Belki “Hicret”; dini yaşamak, yaşatmak, neşretmek ve yeni bir İslam topluluğu oluşturmak ve oluşan bu toplumu sayıca çoğaltarak koruma ve destekleme hareketidir. Zira Hz. Peygamber (s.a.v.) ashabını hem hicrete teşvik etmiş hem de hicret etmeyenler hakkında müeyyide getirmiştir. Bu sebeple de hicret "her inanan kimseye" FARZ” ilan edildi.

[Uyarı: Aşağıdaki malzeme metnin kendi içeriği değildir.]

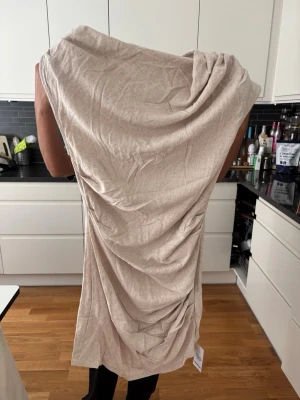 Beige omlottklänning från Boohoo - Säljer en beige omlottklänning från Boohoo i storlek 36. Klänningen har en draperad design med snygga rynkdetaljer längs sidan och är tillverkad i ett mjukt material. Perfekt för dig som gillar en stilren och trendig look.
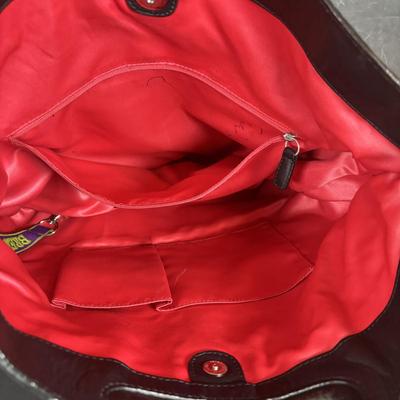 LOT 94: Coach Leather Fold-over Tote Shoulder Bag Model M0873-13380 along with a Coach Lather Zip Accordion Wallet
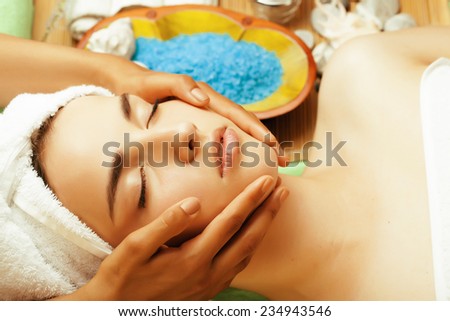 stock photo attractive lady getting spa treatment in salon, close up asian tan hands on face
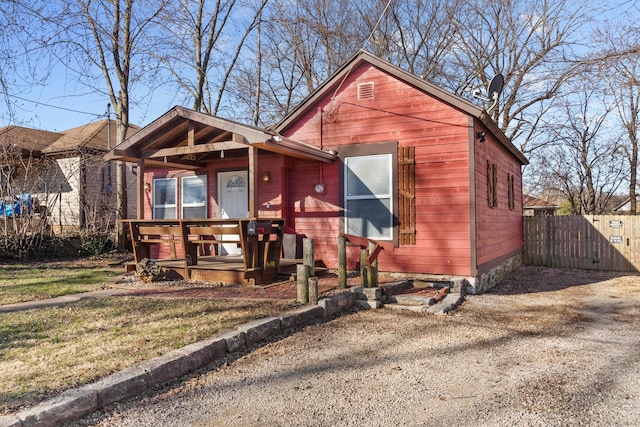 bungalow-style house with a porch, fence, and a front lawn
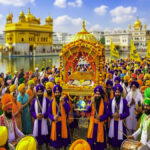 A massive crowd of over 200 million people celebrating the Vaisakhi festival in the vibrant Nagar Kirtan parade in Amritsar, with the 'ABN NEWS' logo visible.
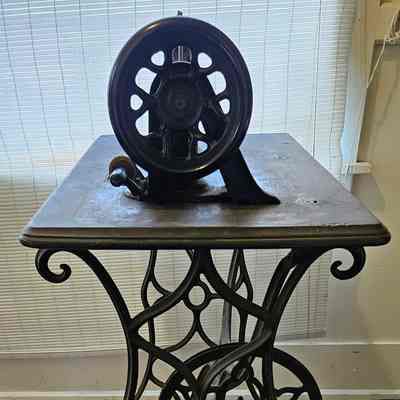 Sewing Machine. End View. Before Cleaning.: The image shows an antique sewing machine with an intricately designed metal base, featuring ornate scrollwork and a large flywheel. The machine sits atop a wooden tabletop with an aged, rustic appearance, positioned against a backdrop of vertical blinds that allow diffused light to filter into the room. The hardwood floor beneath the sewing machine adds to the vintage aesthetic, complementing the historical charm of the piece. The craftsmanship of the metalwork is both functional and decorative, illustrating the design sensibilities of a bygone era when such devices were not just tools but also integral parts of home decor.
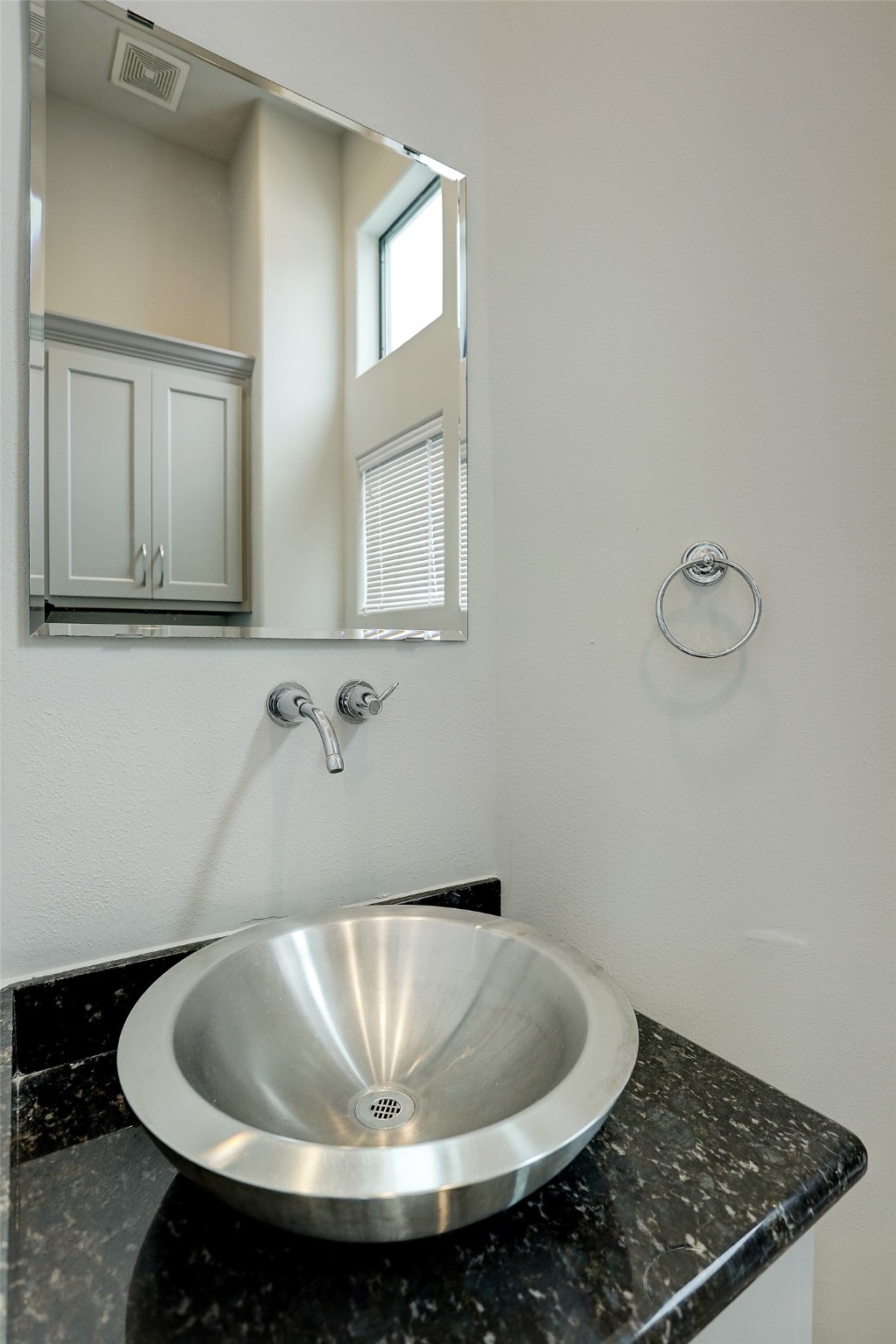 902 Roy Street Houston, TX 77007 - Photo 21 of 47 a bathroom with a sink and mirror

Hz. Peygamber (s.a.): "Bir müşrik, Müslüman olduktan sonra hicret edip müşriklerden ayrılmadıkça Allah onun hiçbir amelini kabul etmez" (Sanani, Subulu’s-Selam, 4/ 85) buyurdu. Bu hususu te'yid eden Kur'an-ı Kerim: "...İman edip de hicret etmeyenlere ise, hicret edecekleri zamana kadar, sizin onlara hiçbir şey ile velayetiniz yoktur..." der. (Enfal, 8/72)

Mekke’nin fethiyle birlikte Rasulullah Mekke ve havalisinden Medine'ye olan hicreti ilga etti. (Müslim, İmaret 20 (1863) c.2 s.1488; Nevevi, Şerhu Müslim, 13/ 8).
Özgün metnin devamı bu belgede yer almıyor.